„Unser Ziel ist es, die Lyrik einerseits von der Community her zu stärken, aber auch wieder vermehrt ins öffentliche Bewusstsein zu rücken“

Foto © Udo Kawasser

Der Dichter und Übersetzer Udo Kawasser hat es sich zur Aufgabe gemacht, Lyrik wieder mehr ins öffentliche Bewusstsein zu rücken und dabei gleichzeitig auch die Lyrik-Community zu stärken. Zusammen mit der Autorin und Literaturkritikerin Monika Vasik und dem Autor und Literaturwissenschafter Peter Clar, setzt sich Kawasser nun bereits seit mehr als zwei Jahren intensiv für die Förderung zeitgenössischer Dichtkunst ein: mit Hilfe des dreitägigen Lyrikfestivals poesiegalerie und der gleichnamigen digitalen Plattform http://www.poesiegalerie.at.

Herr Kawasser, die von Ihnen initiierte Poesiegalerie ist ursprünglich aus einem Festival entstanden – wie kam es zu der Idee einer digitalen Plattform für Lyrik?

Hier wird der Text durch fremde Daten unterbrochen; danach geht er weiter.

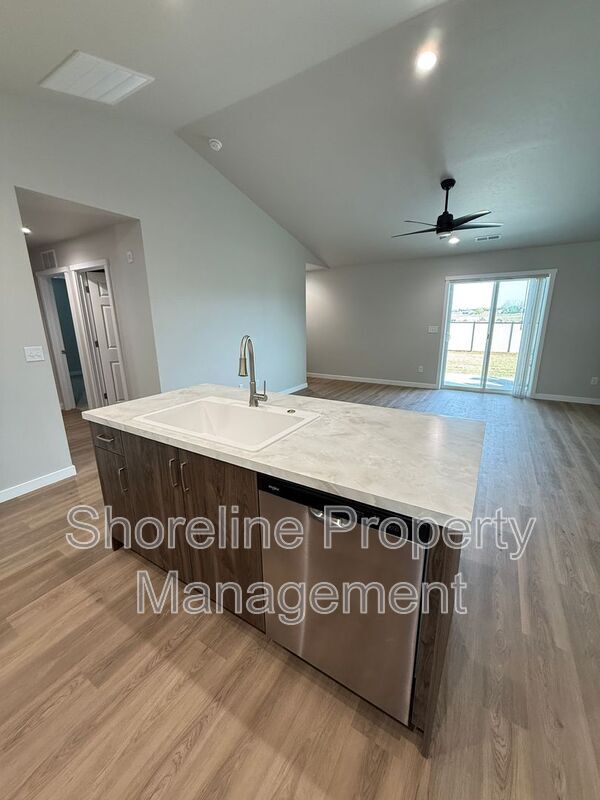 Building Photo - 1870 W Unforgettable St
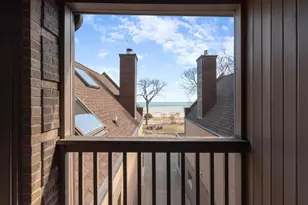 2202 N Terrace Ave, Milwaukee, WI 53202 - Photo 35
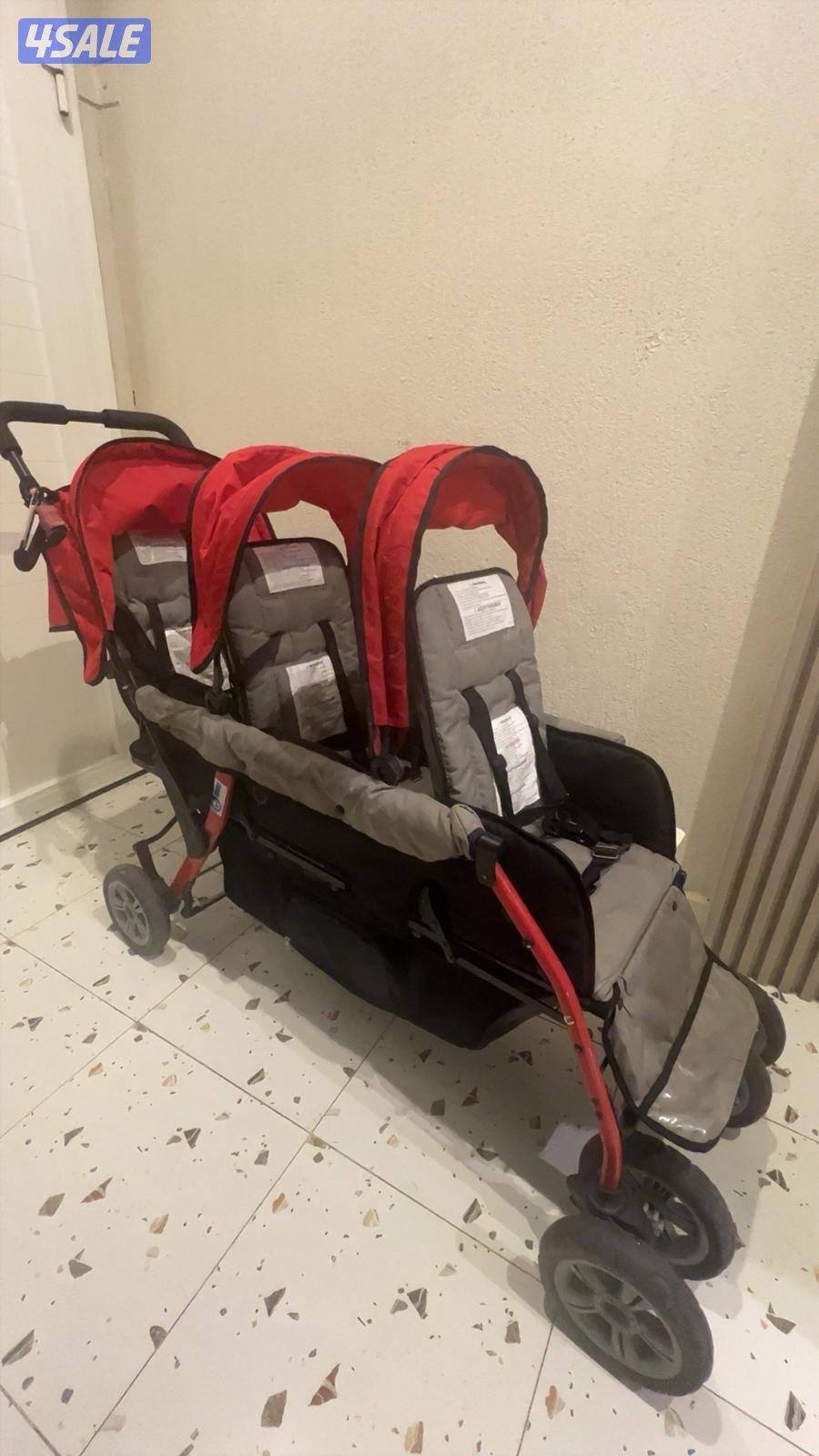 عربانه توأم ثلاث أشخاص1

Udo Kawasser: Da möchte ich kurz ausholen: Die erste POESIEGALERIE fand im November 2018 statt und war mein Versuch, die wunderbaren Erfahrungen, die ich bei mehreren Auftritten in der Lyrikbuchhandlung, die von den unabhängigen Lyrikverlagen jeweils parallel zur Leipziger Buchmesse ausgerichtet wird, auf Wien zu übertragen. Was mich beim Lesen dort so begeistert hatte, war das konzentrierte Interesse der Anwesenden, die zu einer nicht geringen Anzahl aus Autor*innen, Verleger*innen, Literaturredakteur*innen und anderen Aficionados bestanden, und die Anwesenheit der liebevoll gemachten Bänder der verschiedenen Verlage auf einem großen Tisch in der Mitte. Ich beriet mich mit Ralph Klever, der mich ermutigte einen Versuch zu starten, den ich allerdings ohne irgendeine Förderung durchführen musste und glücklicherweise zu äußerst positiven Rückmeldungen von den lesenden Autor*innen und den Zuhörer*innen führte. Mir war aber von Anfang klar, dass das Lyrikevent nur ein erster Schritt sein konnte und entwickelte einen umfassenden Plan, der darauf zielt für die Poesie wieder Boden gutzumachen, den sie über die letzten Jahrzehnte in der Gesellschaft verloren hat, bewohnte sie doch nur mehr „eine Ecke der Ecke Literatur“, wie das Michael Hammerschmid kürzlich in einem Interview auf unserer Seite formulierte. Tatsache ist, dass Gedichte und Rezensionen von Gedichtbänden kaum mehr in den großen Medien vorkommen, dass die Lyrikregale in den Buchhandlungen die Größe eines Feigenblatts angenommen haben und auch in den Schulen kaum mehr Gedichte gelesen und es an den Universitäten fast keine Auseinandersetzung mit zeitgenössischer Lyrik gibt. Unser Ziel ist es, die Lyrik einerseits von der Community her zu stärken, aber auch wieder vermehrt ins öffentliche Bewusstsein zu rücken. Wobei wir einen sehr offenen Poesiebegriff vertreten und wir von Anfang an auch die transmediale Poesie mit an Bord hatten. Mit wir meine ich übrigens neben mir die beiden Mitbegründer*innen von poesiegalerie. verein zur förderung der zeitgenössischen dichtkunst die Autorin und Literaturkritikerin Monika Vasik und den Autor und Literaturwissenschafter Peter Clar.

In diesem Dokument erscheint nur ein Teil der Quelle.